Как, каким образом большая группа творческих людей на заводе решала одну сложную задачу? Вот Стечкин рассуждает вслух, доходит до тупика, а ощущение у всех такое, будто взбираешься с ним на высокую гору, а впереди препятствие и надо идти другим путем. Ты все время в движении, мысль твою ведут — тебя заставляют думать. Шлифуя таланты, он считал своей основной задачей указать направление, поделиться своими идеями, соображениями и взглядами, сформулировать и объяснить проблему. И дальше давал возможность всем работать и максимально проявлять творческое начало — кто на что способен. «Человек обязан трудиться на всю катушку, — говорил Стечкин. — Каждый орган должен работать на полную мощность, в том числе мозг и сердце».

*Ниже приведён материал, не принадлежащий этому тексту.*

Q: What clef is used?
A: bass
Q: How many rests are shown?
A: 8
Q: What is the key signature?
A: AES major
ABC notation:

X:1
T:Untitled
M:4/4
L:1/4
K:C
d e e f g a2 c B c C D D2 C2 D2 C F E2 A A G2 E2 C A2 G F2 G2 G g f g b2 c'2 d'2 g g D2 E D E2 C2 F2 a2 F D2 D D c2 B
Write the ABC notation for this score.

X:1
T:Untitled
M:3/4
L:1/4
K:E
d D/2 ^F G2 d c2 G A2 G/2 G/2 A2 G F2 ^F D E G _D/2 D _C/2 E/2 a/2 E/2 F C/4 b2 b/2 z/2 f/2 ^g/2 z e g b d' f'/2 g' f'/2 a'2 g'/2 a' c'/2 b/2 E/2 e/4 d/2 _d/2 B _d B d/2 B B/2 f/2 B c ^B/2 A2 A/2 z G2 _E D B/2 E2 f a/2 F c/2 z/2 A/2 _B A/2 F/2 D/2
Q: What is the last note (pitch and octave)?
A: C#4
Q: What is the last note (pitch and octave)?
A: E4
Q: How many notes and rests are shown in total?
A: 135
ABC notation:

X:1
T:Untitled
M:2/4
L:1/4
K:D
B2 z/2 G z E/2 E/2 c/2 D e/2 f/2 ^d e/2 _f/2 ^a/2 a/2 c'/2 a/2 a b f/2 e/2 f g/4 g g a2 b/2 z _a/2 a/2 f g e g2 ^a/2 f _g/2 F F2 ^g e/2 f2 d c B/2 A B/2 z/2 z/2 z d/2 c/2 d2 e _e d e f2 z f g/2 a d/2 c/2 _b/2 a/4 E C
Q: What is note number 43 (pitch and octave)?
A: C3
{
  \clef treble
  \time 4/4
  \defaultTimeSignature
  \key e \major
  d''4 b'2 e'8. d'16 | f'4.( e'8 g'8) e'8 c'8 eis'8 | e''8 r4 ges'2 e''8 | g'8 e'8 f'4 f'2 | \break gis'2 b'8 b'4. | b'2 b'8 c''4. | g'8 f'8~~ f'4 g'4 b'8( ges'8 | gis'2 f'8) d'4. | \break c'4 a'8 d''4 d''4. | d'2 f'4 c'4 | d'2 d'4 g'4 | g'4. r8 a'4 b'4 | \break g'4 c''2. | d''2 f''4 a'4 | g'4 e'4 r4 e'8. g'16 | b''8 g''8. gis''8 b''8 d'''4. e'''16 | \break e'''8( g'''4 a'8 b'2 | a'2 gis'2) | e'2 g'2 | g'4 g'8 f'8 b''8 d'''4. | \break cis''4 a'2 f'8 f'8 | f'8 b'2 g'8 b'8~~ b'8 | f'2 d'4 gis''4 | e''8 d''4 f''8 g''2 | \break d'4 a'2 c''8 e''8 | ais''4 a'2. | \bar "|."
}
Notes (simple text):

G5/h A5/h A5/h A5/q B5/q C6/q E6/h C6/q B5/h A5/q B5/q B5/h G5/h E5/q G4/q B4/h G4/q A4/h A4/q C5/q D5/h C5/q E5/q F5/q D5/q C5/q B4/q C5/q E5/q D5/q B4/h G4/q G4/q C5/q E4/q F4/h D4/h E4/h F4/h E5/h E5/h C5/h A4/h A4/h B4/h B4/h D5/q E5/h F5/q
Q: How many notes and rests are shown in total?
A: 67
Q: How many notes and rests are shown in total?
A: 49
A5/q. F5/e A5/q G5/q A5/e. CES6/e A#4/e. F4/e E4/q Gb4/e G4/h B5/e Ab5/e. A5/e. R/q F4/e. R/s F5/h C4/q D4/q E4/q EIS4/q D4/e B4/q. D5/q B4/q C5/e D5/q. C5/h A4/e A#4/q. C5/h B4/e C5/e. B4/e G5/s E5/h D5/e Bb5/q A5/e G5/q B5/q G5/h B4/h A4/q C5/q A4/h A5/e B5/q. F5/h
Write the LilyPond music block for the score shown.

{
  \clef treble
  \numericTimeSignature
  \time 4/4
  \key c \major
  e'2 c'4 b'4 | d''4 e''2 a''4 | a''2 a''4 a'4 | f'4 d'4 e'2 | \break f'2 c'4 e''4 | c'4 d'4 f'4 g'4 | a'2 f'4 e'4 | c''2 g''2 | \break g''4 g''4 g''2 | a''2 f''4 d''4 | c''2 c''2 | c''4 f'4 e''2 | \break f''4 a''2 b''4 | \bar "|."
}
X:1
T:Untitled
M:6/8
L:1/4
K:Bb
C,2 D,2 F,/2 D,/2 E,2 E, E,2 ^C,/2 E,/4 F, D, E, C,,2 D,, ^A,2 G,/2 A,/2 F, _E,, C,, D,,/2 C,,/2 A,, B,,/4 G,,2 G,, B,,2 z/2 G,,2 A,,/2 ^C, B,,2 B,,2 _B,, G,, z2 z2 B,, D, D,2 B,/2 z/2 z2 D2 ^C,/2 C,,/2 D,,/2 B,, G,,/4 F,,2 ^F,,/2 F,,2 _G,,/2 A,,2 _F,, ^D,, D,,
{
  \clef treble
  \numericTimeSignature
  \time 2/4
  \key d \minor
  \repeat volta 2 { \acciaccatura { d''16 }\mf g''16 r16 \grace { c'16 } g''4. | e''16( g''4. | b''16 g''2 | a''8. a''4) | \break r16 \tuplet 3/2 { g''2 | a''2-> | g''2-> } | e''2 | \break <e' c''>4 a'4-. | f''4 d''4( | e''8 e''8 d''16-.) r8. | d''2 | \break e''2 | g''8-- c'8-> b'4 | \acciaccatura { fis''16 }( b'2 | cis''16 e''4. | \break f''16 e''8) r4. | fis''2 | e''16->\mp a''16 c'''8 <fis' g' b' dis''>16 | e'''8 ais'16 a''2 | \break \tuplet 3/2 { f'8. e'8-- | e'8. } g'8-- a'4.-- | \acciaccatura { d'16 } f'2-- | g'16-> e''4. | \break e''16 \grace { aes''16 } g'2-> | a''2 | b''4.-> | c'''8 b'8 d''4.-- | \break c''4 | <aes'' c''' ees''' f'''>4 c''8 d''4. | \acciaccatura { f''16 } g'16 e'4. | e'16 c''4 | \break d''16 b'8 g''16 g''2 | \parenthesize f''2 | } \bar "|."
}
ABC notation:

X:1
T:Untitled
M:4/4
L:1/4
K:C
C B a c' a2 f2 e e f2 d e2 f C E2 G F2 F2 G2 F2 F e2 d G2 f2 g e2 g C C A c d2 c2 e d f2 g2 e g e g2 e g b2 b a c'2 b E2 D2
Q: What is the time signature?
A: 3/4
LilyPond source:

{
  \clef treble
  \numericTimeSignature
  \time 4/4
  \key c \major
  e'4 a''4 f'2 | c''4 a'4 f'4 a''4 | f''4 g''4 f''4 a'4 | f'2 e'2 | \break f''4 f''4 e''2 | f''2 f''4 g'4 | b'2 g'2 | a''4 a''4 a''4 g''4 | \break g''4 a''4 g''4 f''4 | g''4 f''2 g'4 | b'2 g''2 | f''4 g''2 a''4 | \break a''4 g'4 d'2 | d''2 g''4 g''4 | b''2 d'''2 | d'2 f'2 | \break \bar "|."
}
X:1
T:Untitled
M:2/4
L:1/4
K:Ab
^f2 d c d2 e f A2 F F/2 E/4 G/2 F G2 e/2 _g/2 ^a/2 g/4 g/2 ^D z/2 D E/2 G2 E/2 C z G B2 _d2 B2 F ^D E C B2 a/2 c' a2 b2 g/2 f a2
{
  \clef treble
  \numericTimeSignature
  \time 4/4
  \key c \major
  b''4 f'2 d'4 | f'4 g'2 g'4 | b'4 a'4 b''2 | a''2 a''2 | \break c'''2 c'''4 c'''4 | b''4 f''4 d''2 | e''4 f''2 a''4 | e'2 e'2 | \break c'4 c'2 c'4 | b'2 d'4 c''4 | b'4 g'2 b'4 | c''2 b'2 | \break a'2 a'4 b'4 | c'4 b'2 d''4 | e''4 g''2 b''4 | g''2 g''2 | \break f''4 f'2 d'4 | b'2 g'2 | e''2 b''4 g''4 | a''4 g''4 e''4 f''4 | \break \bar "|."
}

Ценным было еще и то, что, высказывая свои идеи, он их объяснял, основываясь на собственном опыте: с Жуковским у него было так-то, с Чаплыгиным так... И люди вместе с ним проходили отрезки его пути, он доводил учеников до того момента, когда им самим нужно делать свое. Не превращал сотрудников в счетные машины — ты делай то, ты — это. В каждом человеке он ценил прежде всего творчество и, если видел, что оно проявляется, как мог, поддерживал и развивал его, давая дополнительные задания. Он знал все главное о своих подчиненных, и каждый из них представлял, о чем сейчас думает и к чему стремится их руководитель. Нередки случаи, когда начальник дает задание, а потом меняет его, люди теряются и не могут определить направление своей работы. У Стечкина всегда были ясны его линия, курс и взгляды. Если не получалось то, что предполагалось теоретически, он говорил: «Опять изнасиловали науку!» И никогда не удивлялся, что результаты опыта не сходятся с предварительными наметками. Срабатывала интуиция. «Эксперимент он понимал изумительно, — говорит М. Г. Дубинский. — Последовательность проведения, точность, методика обработки данных «— настолько у него к этому был научный подход, что жаль, не оставил он никаких книг, как вести практическую научную работу. Никто лучше не смог бы написать такую книгу».